Obama EPA Grants California Emissions Waiver
Following through on earlier promises, the Environmental Protection Agency today approved a request by the state of California to fight global warming by reining in auto emissions. Because 13 other states and the District of Columbia have jumped on California’s waiver proposal, the move effectively creates a new national emissions standard that will force the nation’s automakers to make more fuel efficient vehicles.
The Los Angeles Times lays out the significance:
Today’s decision sets the stage for the proposed national vehicle emissions standards that President Obama announced in May: New cars and trucks sold in the U.S. will be required to improve their fuel efficiency gradually over the next seven years, reaching an average of 35.5 miles per gallon by 2016 — a 40% improvement over the current 25 mpg level. The federal government agrees to adopt California’s standards as its own, and the state agrees not to toughen the standards before 2017. Automakers agree to drop lawsuits against California’s standards.
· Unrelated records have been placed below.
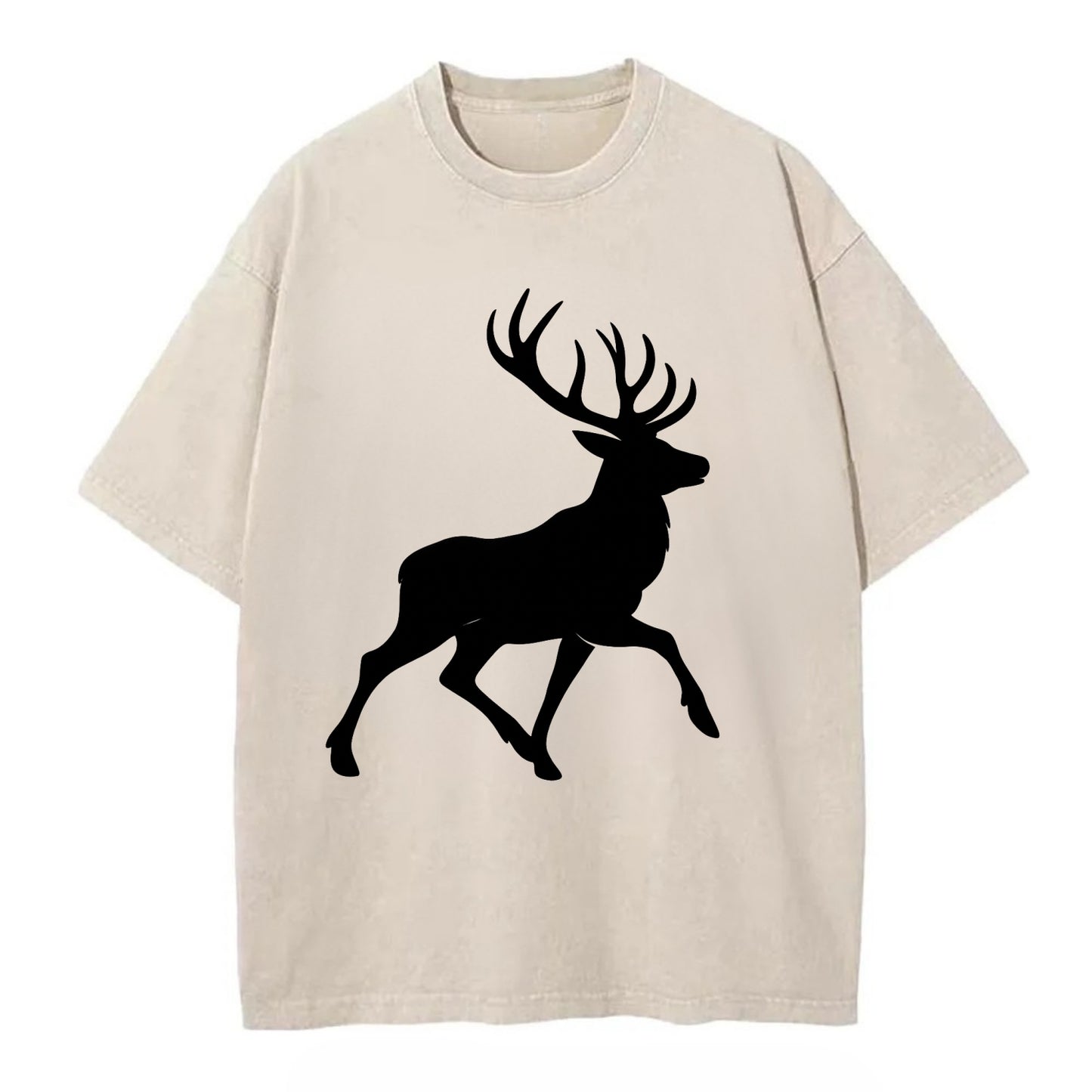 Deer with majestic antlers - Vintage T-shirt - Off White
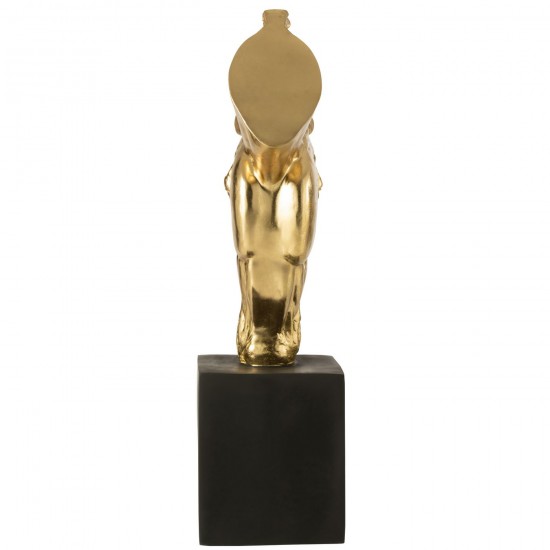 Jline Paard Op Voet Magnesiumoxide Goudkleurig Zwart Large.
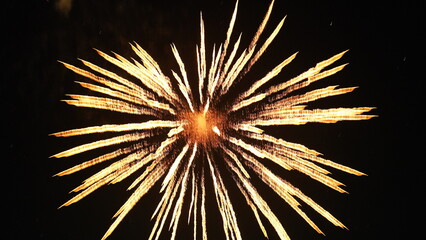 Obraz premium The beautiful fireworks show for celebrating the Chinese traditional spring festival in the countryside village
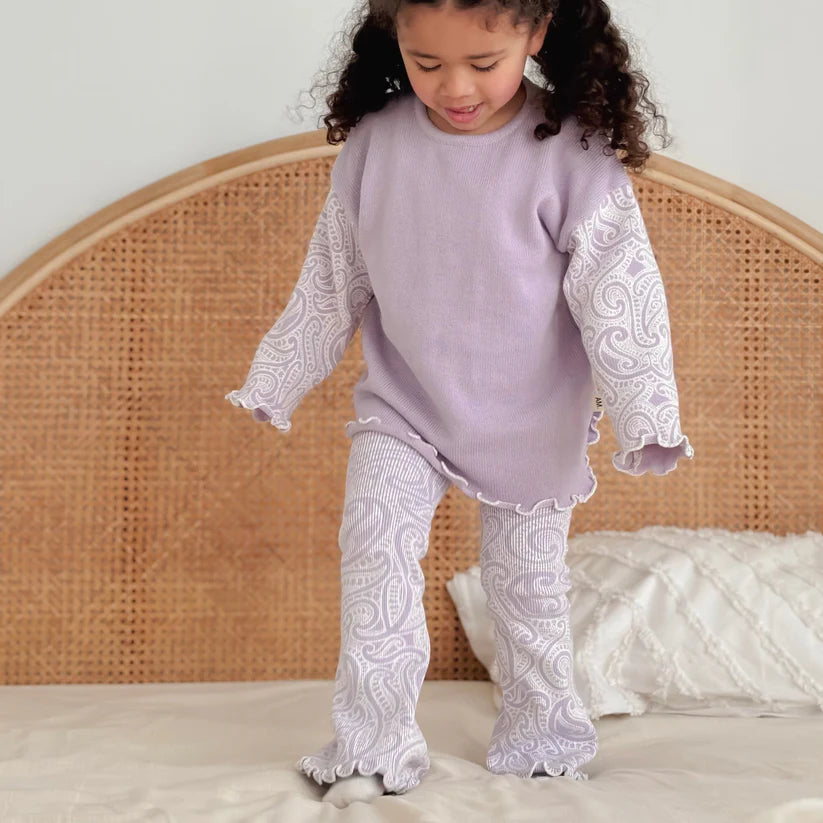 The Wolf Ribbed Knit Flares - Lila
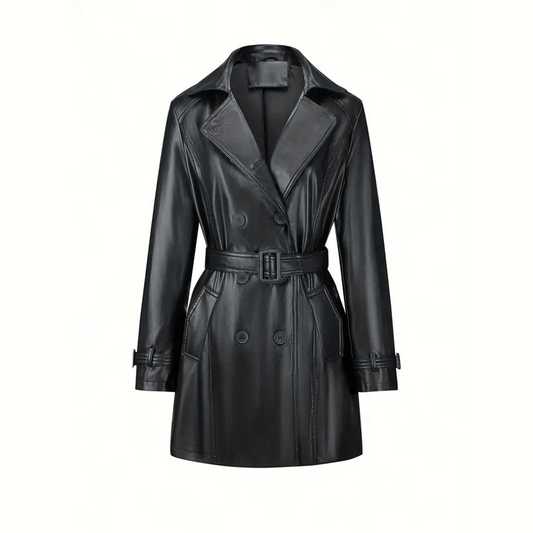Valencia Noir – Trench Donna in Pelle Nera con Cintura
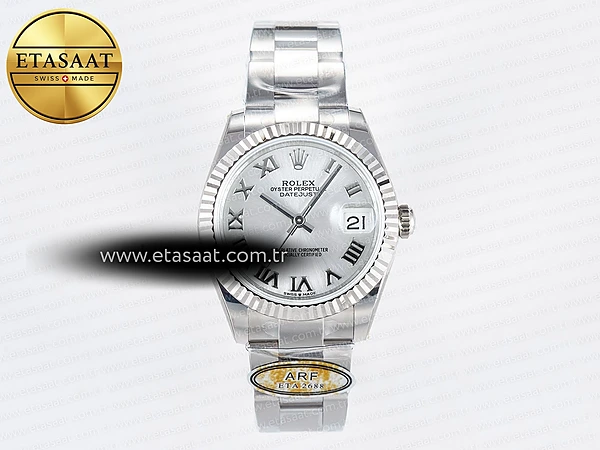 Rolex Datejust 31 278274 ARF Gümüş Roma Pırlantalı 2688 Eta Saat - 1:1 Süper Klon Replika Saat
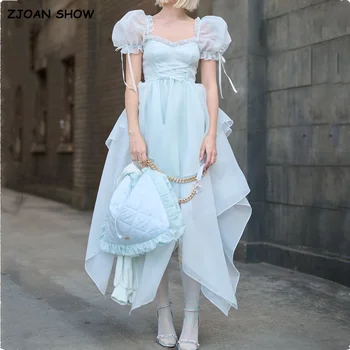 2023 Милая принцесса с бантом из поперечной веревки спереди, нерегулярное бальное платье, Миди, платье из органзы, женское платье с пышными рукавами, мини-волшебный халат для торта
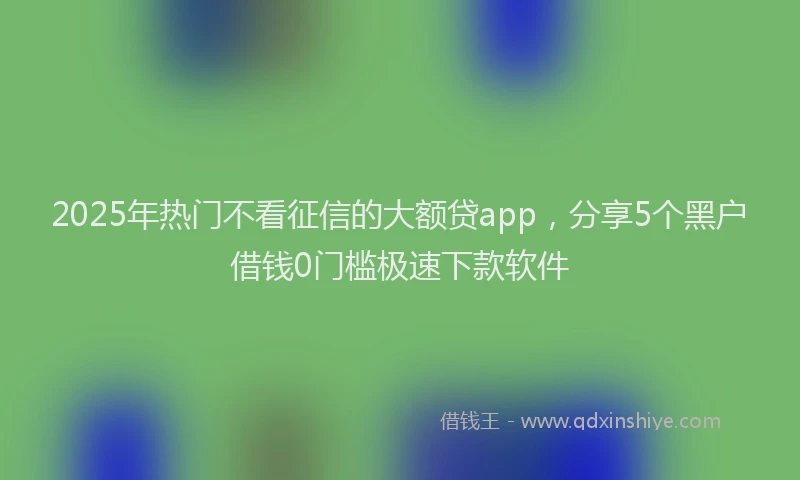 2025年热门不看征信的大额贷app，分享5个黑户借钱0门槛极速下款软件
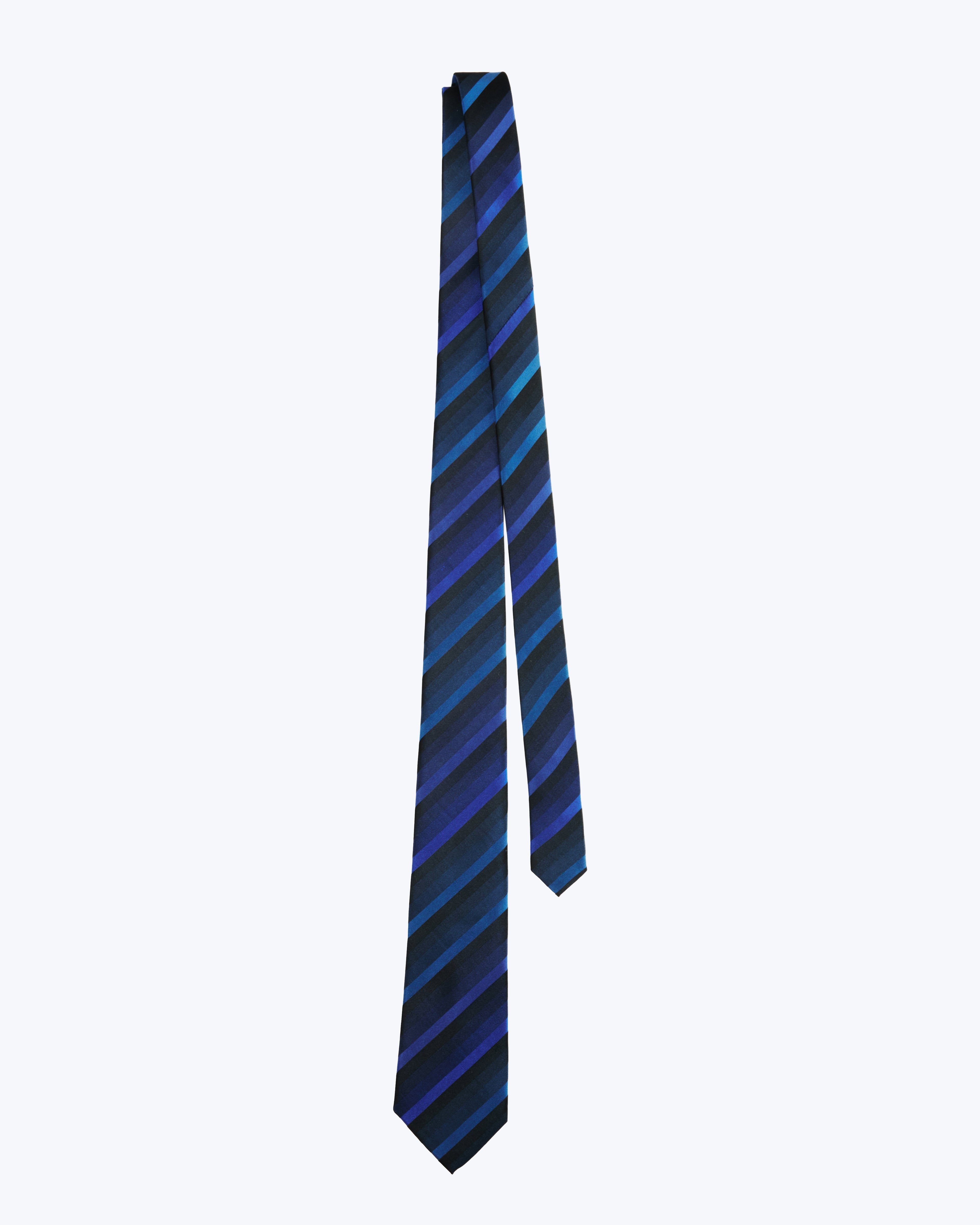 Awning Striped Silk Jacquard Tie - Blue
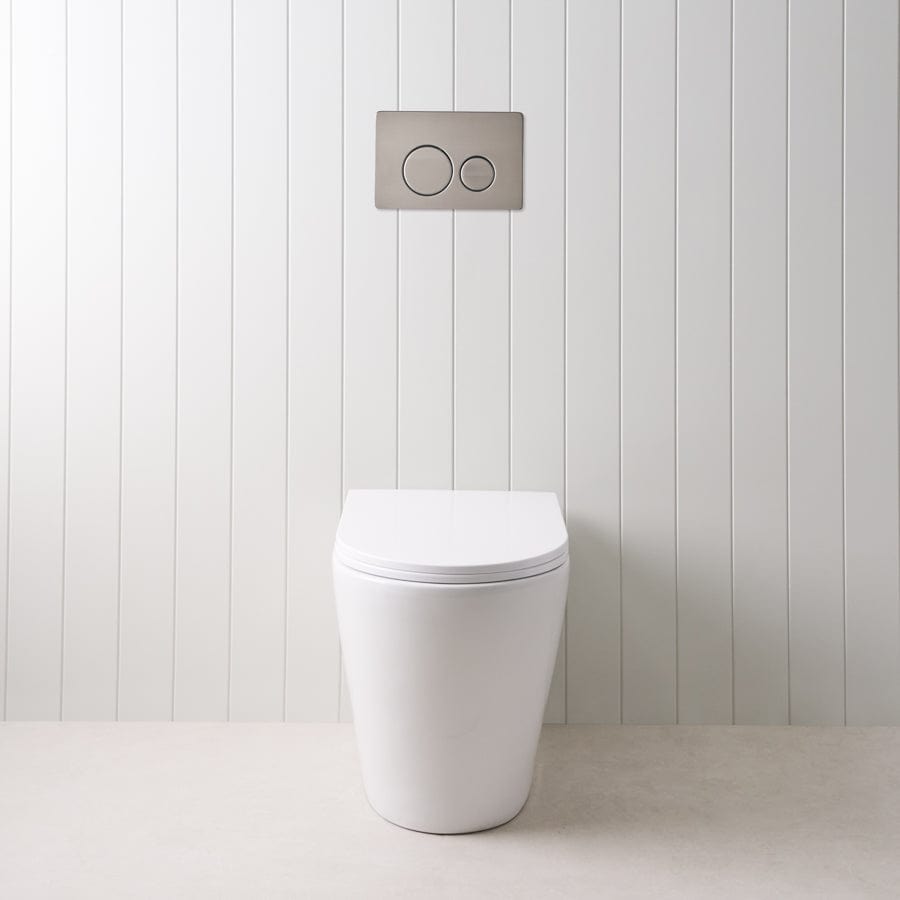 TileCloud TOILETS Angled In-Wall Toilet With Round Gunmetal Buttons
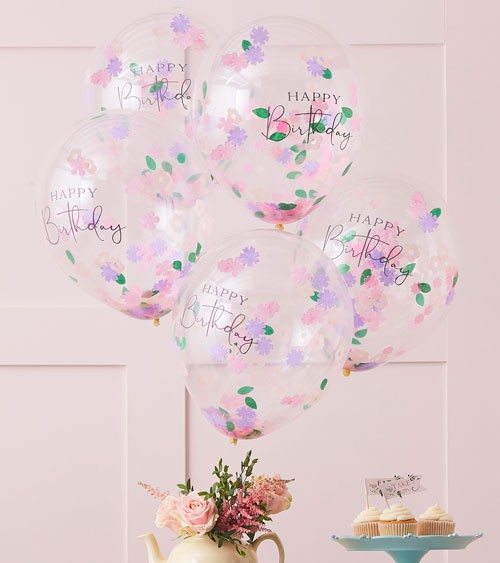 Transparente Ballons mit Blumen-Konfetti - Happy Birthday - 5 Stück
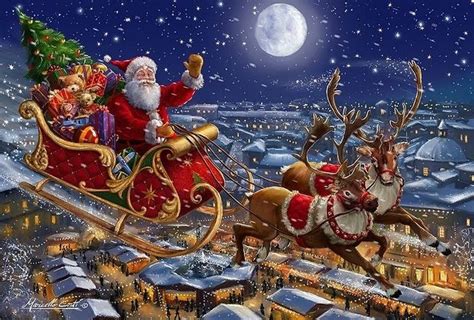 Santa S Reindeer And Sleigh Ride On Christmas Eve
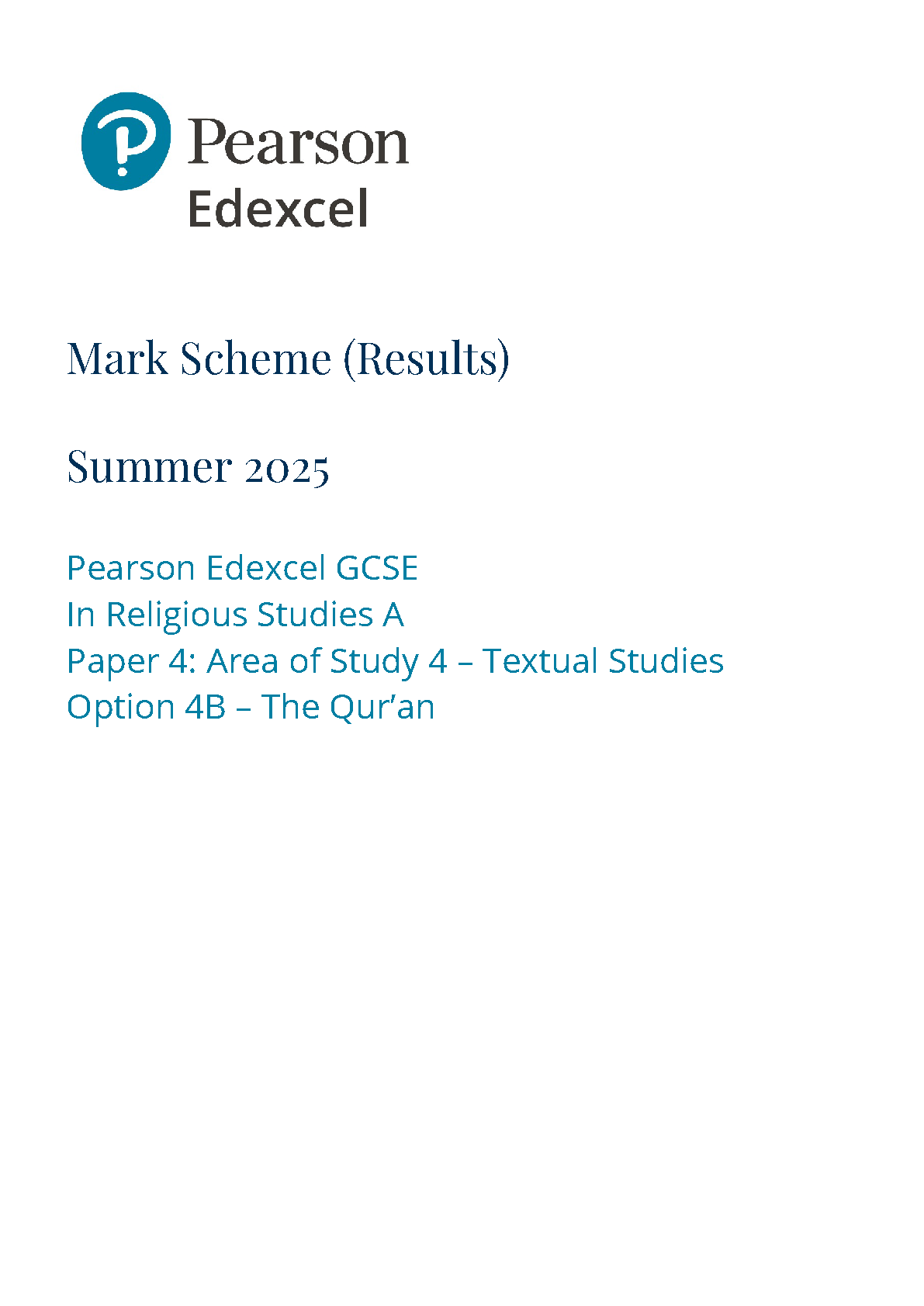 Pearson Edexcel GCSE Religious Studies Paper 4B 2025 MS IMG-1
California has been pushing the stricter greenhouse gas standards for five years, but the EPA under the Bush administration sided with the auto industry in rejecting them. The argument was that the Clean Air Act doesn’t govern auto emissions — an interpretation that new EPA Administrator Lisa P. Jackson has rejected outright. “This waiver is consistent with the Clean Air Act as it’s been used for the last 40 years,” Jackson said Tuesday in a statement.
Now if only the administration would apply the same logic to the Clean Water Act, it could end mountaintop mining as well.